In 1995, Lim purchased his first teapot that was crafted between 1978 and 1983 for RM20. But his collecting journey really took off only from 1997 when he moved to Singapore, where he has a business in signage and printing. Today, his collection includes over a thousand antique Yixing teapots, which is likely worth hundreds of thousands of dollars.
The majority are dated before 1949, with a bulk of them made during the Qing dynasty. His most prized is a Meirenjian teapot named for its beautiful curves that resemble a woman’s shoulders. It was made between the 40th and 60th year of Emperor Qianlong, who reigned from 1735 to 1796. “I can’t estimate its current value but I would never sell this pot,” says Lim. “It’s a priceless item. Generally, teapots from this era are auctioned for about $70,000.”
To the 47-year-old, collecting antique Yixing teaware is an enjoyable pastime that complements and elevates his interest in drinking tea. Monetary rewards are not his primary consideration, but he recognises the high investment potential.
“Appraising the quality and value of old Yixing teapots is complicated. Compared to teapots, one is probably better off investing in watches. However, if you truly love Yixing teapots and you know the market well, it is as good an investment as any. I treat my collection as a hobby and an investment.
“I used to buy these things cheap but over the years, they have seen a manifold increase in value. Also, with the greater scarcity and demand today, I am able to trade some of my earlier acquisitions to upgrade my collection.”
In the two decades he has been collecting antique Yixing teapots, Eric Chua has amassed over a thousand, some of which are displayed at his restaurant. Chua’s love affair with them began in his formative years, when he accompanied his father to the now defunct Zhong Qiao emporium to shop for tea and teaware.
“It wasn’t until 2000 that I started collecting Yixing teapots on a more serious level,” says the 47-year-old. “And it was my love for tea drinking that led me to buy my first teapot at a flea market in Chinatown.”
His extensive collection has since grown to include teapots dating back to at least the 1800s and it is worth hundreds of thousands of dollars.
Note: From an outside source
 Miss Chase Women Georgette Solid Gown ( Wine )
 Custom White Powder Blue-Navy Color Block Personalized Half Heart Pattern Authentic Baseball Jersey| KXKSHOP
One that he holds dear is a modest looking piece made from a vermilion coloured clay called zhuni, bearing Chinese seal marks of Mo Yuan Zhai Yi Tang Zhi and Fu Ji, both indications of authenticity. Although simple in form, the intricate workmanship suggests it could have been made by someone as talented as Wang Yin Chun, one of the most accomplished Yixing masters of the 20th century.
“I bought this about six years ago for a little over $2,000,” Chua says as he places the pot, no larger than the size of a kiwi fruit, in his palm. “Today, it is valued between $10,000 and $20,000. It was this that catapulted me into collecting antique Yixing teapots and opened up an entirely different world.”
Another gem in his collection is a remarkably rare teapot dating back to the early 1800s, which he acquired at an auction in 2015. The exterior is covered in an exquisite, creamy white glaze known as fencai, and the teapot holds a removable strainer.
“Old teapots are becoming rarer and harder to obtain,” Chua says, adding that potters of old, who laboured in an era of hardship and manual work, took their craft far more seriously. “The workmanship on these features a kind of meticulousness that just isn’t found on modern teapots.”
Within the quiet confines of his tea room at his private residence, Daniel Tay brews tea in a pot with a patinated surface that softly glows. “It’s a puerh tea from the 1970s,” he discloses. Sitting back, he takes a few moments to relish its flavour in silence. A smile of satisfaction breaks across his face as he enthuses: “You get a very different sensation when you brew well-aged vintage tea in antique Yixing teapots.”
It was in fact Tay’s relentless pursuit of the most appropriate tea-brewing vessels that led him to antique Yixing teapots. “I first started buying them about 10 years ago. At the time, it was not a serious hobby yet,” he says. “Gradually, I found myself buying more antique Yixing teapots and admiring the beauty and quality of the clay and workmanship.”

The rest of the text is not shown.